Sound Sampling Parameters

Changes in speaker distance can have a dramatic effect on the output level of the microphones. For this reason, its important to get the maximum dynamic range possible during digitization, which means 16 bits/sample. At 8 bits/sample, it is very likely that quantization effects will trash your sampled signal's SNR when the volume gets weak. I suspect this is a major cause of problems for unsuccessful sound projects I've seen that used 8-bit sampling. To measure interaural delay, a higher sampling rate provides better resolution. I used 44,100 samples per second sampling in order to get an interaural delay range of about (38 samples for a 30 cm microphone spacing.

Sound Cards

There are two possible places to process sound data: on the sound card, or on the host processor. Most sound cards do not allow the user to run a DSP program on board the card; Mwave(TM) -based cards are a notable exception. (Creative Labs Sound Blaster 16/32/64 "ASP" cards cannot, if you were wondering.) Examples of Mwave cards are the IBM Multimedia Modem, Spectrum Office FX and similar cards bundled with some IBM and Acer computers. The IBM IMDSP2080 Mwave chip on my IBM DSP Sound Card is a Harvard-architecture DSP that runs at 20 million instructions per second, with some of those instructions being parallel load, multiply and add operations, yielding up to 60 million integer operations per second for assembly code written to take advantage of it. This is a great way to offload sound processing from the host CPU and save those cycles for image processing. The Mwave programmer's toolkits for OS/2 and Windows are available from IBM.

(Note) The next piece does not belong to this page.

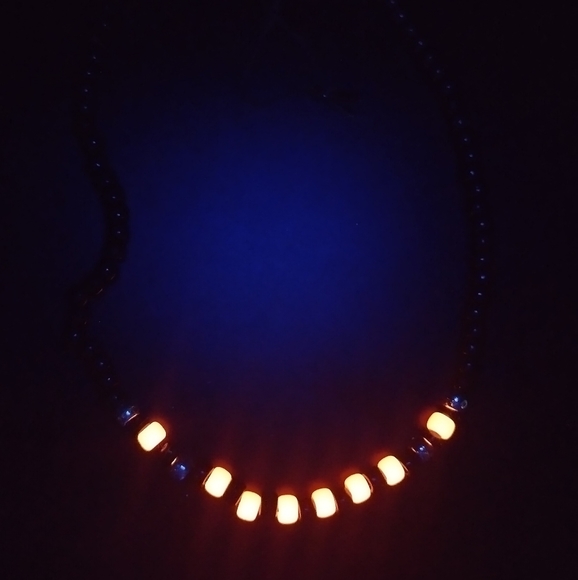 GLOW NECKLACES - Picture 8 of 16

To process sound on the host CPU, the samples must be copied (via DMA) into system memory buffers by the sound card's device driver. The multimedia programming libraries for the operating system will define how the programmer may access the sound data. Under OS/2, the programming interface is called "Direct Audio Real Time," or "DART." Under Windows, the functions are called WaveInOpen(), WaveInread(), etc.. I do not know how to accomplish this under Linux or Macintosh. Note that sample buffers will be transferred to memory a few thousand bytes at a time, rather than one sample at a time, so your software must be designed to process batches of data efficiently. The large buffer sizes are designed to reduce the amount of interruptions and context switch overhead on the CPU. For processing on board the sound card, on the other hand, buffer sizes of only 32 bytes are required as it is designed for frequent context switches (the Mwave card has a real-time operating system that runs multiple DSP tasks on board.)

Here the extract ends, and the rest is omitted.